S2^2Q-VDiT: Accurate Quantized Video Diffusion Transformer with Salient Data and Sparse Token Distillation

The paper proposes S2^2Q-VDiT, a post-training quantization framework for video diffusion transformers that achieves lossless performance under W4A6 quantization by utilizing Hessian-aware salient data selection and attention-guided sparse token distillation to overcome calibration variance and learning challenges caused by long token sequences.

Weilun Feng, Haotong Qin, Chuanguang Yang, Xiangqi Li, Han Yang, Yuqi Li, Zhulin An, Libo Huang, Michele Magno, Yongjun Xu

Published 2026-03-10
📖 4 min read☕ Coffee break read

Imagine you have a super-talented, world-class chef (the AI model) who can cook up incredibly realistic videos of anything you can imagine—from a panda surfing at sunset to a robot DJ in Tokyo.

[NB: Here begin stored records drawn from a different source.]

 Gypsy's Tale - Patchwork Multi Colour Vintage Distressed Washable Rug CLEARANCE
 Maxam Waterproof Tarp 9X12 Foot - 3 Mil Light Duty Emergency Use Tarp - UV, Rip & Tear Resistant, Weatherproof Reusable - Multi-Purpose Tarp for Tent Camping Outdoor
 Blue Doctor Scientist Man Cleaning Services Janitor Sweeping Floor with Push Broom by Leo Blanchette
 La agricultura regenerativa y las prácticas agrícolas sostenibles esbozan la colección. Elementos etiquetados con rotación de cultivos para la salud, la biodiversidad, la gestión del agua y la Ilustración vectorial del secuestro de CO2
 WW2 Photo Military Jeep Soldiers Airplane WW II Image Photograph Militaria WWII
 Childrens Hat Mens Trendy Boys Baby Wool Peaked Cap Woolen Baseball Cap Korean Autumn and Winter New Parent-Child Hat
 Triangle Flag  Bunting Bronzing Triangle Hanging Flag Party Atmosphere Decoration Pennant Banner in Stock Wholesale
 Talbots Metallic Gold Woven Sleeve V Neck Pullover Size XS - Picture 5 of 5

This chef is amazing, but they are also huge. They carry a massive kitchen full of ingredients (billions of parameters), and cooking a single dish takes a long time and requires a giant, expensive stove (lots of computer power and memory).

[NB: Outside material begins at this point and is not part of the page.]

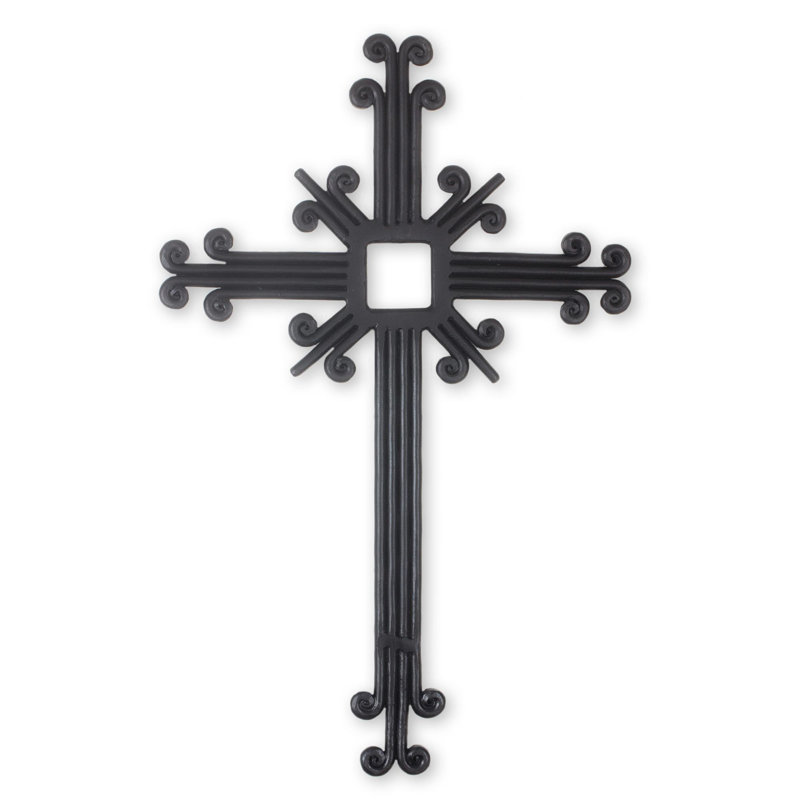 Novica Byron Toscano Wrought Iron Wall Cross Artisan Crafted Wall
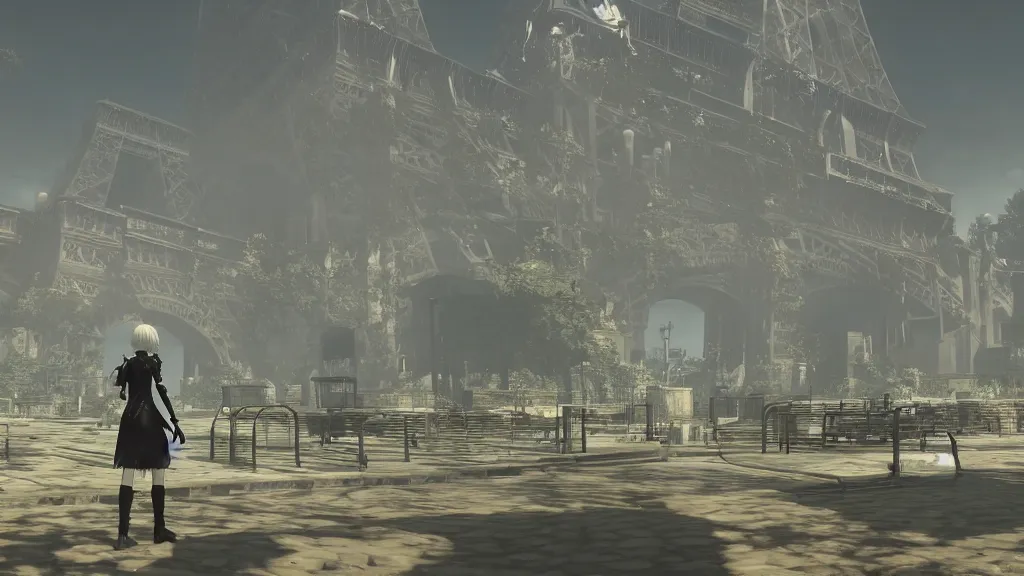 Image similar to Screenshot from Nier Automata, beautiful landscape in Paris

Most people can't afford this giant kitchen. They want to put this chef in a small, portable lunchbox (like a smartphone or a standard laptop) so they can cook on the go.

The problem? If you try to shrink the chef's massive recipe book down to fit in a lunchbox, the food usually tastes terrible. The flavors get muddy, the textures disappear, and the video looks like a blurry mess. This is what happens when we try to "compress" these video AI models.

Enter S2Q-VDiT, the paper's new solution. Think of it as a master chef's assistant who knows exactly how to pack the lunchbox without ruining the meal. Here's how they do it, using two simple tricks:

1. The "Smart Shopping List" (Salient Data Selection)

Usually, when you try to shrink a recipe, you just grab a random handful of ingredients to test the new, smaller version. But for video AI, the "ingredients" (data samples) are huge and complex. If you pick the wrong ones, the whole lunchbox fails.

The authors realized that not all ingredients are created equal. Some moments in a video are boring (just a static sky), while others are critical (a sudden explosion or a character's face changing expression).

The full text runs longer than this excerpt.